Source material:
::::
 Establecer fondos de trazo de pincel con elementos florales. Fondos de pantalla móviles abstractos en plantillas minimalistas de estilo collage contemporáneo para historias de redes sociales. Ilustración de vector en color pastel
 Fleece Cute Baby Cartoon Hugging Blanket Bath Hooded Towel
::::
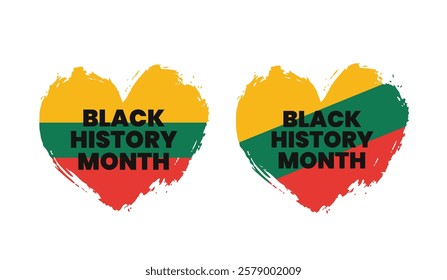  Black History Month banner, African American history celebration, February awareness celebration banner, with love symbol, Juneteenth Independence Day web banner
::::
Instructions for the task:
When you reach the line containing "Establecer fondos de" in the data above, start copying exactly, and stop after the line containing "Fleece Cute Baby".

Result of this task:
 Establecer fondos de trazo de pincel con elementos florales. Fondos de pantalla móviles abstractos en plantillas minimalistas de estilo collage contemporáneo para historias de redes sociales. Ilustración de vector en color pastel
 Fleece Cute Baby Cartoon Hugging Blanket Bath Hooded Towel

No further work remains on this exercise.